In a recent exchange, Merlijn critiqued Ripple’s CEO, David Garlinghouse, for attacking Jack Saylor, arguing that Ripple’s revenue model is fundamentally different. The company relies on a steady stream of XRP sales from its escrow account each month, which provides a predictable cash flow and reduces the need for external capital. This defensive stance highlights the contrast between Ripple’s business model and the broader crypto ecosystem, where many projects still depend on fundraising or token sales to sustain operations.

The market backdrop for this debate is one of heightened anxiety. With a fear‑greed index at 15—classified as extreme fear—investors are wary of sudden price swings. XRP’s price sits at $1.045, down 0.41% in the past 24 hours, reflecting a broader downtrend that has been a topic of discussion across the site. In this environment, Ripple’s focus on institutional lending via the XRPL protocol may be seen as an attempt to broaden XRP’s utility beyond simple payments, potentially offering a more resilient revenue stream.
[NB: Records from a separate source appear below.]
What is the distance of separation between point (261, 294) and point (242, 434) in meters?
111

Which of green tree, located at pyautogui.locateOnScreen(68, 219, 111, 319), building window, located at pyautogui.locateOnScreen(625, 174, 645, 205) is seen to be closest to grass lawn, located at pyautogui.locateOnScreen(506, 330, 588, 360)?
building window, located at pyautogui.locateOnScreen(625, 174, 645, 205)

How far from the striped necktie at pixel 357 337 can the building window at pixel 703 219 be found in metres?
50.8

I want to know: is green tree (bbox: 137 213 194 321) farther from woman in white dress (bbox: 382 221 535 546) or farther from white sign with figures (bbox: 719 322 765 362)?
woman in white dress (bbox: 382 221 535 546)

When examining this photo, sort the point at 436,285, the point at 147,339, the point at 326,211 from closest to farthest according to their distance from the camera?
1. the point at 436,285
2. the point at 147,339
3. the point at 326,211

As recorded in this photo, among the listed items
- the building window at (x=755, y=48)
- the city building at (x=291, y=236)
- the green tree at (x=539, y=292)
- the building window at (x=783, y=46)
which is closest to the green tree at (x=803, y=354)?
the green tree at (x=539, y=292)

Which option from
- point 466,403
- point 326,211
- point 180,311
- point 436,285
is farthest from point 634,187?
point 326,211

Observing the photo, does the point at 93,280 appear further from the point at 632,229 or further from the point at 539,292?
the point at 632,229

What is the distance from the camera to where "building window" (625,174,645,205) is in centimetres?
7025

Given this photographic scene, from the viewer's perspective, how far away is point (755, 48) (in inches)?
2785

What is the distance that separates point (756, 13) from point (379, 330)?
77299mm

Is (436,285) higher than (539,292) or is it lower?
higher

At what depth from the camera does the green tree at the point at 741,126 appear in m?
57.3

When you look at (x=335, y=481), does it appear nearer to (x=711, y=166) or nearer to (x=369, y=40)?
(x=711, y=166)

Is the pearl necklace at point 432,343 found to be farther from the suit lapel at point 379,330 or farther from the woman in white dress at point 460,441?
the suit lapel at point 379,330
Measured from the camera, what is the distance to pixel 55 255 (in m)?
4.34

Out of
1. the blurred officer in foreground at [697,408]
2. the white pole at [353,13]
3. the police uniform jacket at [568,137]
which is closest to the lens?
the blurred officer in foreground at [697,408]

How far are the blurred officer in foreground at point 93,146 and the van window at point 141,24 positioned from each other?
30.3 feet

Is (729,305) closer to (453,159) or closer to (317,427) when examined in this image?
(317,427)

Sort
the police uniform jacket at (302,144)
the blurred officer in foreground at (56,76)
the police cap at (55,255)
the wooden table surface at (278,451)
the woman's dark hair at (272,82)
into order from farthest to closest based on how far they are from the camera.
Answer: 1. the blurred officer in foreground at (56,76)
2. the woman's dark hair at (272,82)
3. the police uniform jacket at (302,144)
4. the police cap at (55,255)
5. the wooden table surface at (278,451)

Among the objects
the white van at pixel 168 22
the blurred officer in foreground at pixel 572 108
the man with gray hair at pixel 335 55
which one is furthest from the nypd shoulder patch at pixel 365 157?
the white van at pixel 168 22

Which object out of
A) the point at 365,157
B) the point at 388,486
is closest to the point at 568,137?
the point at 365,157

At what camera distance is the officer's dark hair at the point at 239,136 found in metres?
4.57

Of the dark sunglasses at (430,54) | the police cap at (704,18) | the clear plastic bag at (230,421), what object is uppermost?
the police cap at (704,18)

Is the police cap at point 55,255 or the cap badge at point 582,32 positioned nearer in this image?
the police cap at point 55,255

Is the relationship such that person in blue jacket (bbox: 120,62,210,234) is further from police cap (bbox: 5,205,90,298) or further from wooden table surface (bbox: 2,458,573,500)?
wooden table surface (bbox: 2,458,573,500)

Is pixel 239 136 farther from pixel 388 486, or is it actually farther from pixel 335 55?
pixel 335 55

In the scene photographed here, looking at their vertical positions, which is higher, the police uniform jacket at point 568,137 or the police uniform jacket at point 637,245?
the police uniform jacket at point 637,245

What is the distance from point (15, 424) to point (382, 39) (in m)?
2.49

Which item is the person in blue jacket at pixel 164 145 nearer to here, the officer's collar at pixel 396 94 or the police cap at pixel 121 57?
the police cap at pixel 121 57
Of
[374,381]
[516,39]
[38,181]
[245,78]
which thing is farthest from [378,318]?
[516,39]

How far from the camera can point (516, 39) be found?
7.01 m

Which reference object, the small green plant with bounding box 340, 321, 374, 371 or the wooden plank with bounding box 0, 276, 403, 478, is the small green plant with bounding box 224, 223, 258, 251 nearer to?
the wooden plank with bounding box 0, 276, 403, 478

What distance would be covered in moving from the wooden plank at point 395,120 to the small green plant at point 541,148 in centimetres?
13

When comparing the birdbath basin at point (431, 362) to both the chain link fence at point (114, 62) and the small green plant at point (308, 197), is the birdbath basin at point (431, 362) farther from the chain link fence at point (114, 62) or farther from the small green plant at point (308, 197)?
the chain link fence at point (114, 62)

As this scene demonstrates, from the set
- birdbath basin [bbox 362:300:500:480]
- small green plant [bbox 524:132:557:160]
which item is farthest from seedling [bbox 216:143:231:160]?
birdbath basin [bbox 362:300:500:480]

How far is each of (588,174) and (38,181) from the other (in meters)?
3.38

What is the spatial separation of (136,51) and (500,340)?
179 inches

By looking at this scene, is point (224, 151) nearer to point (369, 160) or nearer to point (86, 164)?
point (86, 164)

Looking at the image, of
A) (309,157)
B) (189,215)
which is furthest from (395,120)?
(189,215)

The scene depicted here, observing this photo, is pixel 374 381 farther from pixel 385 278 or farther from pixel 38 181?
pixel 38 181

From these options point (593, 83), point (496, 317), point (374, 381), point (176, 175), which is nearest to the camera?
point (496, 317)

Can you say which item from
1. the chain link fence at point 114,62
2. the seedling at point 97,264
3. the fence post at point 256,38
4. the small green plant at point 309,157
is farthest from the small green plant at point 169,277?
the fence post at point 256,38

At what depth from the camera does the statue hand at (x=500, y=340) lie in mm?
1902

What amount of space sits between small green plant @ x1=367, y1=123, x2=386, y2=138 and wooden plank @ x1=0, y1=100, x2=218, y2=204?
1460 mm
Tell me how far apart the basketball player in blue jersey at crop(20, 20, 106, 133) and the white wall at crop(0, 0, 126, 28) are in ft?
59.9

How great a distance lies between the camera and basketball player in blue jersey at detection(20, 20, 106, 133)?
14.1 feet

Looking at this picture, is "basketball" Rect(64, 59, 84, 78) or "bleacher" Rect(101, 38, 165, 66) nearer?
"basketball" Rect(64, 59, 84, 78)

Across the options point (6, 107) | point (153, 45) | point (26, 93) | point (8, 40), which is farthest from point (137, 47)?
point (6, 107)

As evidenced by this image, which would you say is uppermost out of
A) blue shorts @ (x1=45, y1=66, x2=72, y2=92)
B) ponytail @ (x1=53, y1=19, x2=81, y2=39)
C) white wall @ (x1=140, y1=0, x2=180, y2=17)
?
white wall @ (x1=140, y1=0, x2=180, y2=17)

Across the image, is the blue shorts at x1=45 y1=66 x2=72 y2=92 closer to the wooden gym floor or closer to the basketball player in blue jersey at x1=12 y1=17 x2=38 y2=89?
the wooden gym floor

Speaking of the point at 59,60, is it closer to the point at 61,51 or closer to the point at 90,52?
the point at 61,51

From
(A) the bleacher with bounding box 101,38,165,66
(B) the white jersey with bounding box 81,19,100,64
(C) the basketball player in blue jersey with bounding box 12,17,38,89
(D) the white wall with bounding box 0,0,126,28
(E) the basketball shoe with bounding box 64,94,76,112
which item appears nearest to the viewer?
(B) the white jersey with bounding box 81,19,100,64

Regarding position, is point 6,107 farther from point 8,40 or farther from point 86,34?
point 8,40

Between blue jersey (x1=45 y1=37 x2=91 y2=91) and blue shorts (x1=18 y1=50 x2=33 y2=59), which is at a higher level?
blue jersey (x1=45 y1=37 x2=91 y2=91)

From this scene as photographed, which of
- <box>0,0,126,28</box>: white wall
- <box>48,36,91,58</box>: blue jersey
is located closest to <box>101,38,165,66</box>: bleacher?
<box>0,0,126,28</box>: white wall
Retail investors should note that Ripple’s strategy is being tested on multiple fronts: regulatory scrutiny, market sentiment, and the shifting behavior of large holders. The company’s recent announcement of a lending protocol proposal and the movement of whales away from Binance suggest that liquidity and institutional adoption could evolve rapidly. Watching how Ripple navigates these challenges—and whether the company’s escrow‑based funding model holds up under regulatory pressure—will be crucial for anyone holding XRP or considering exposure to Ripple’s ecosystem.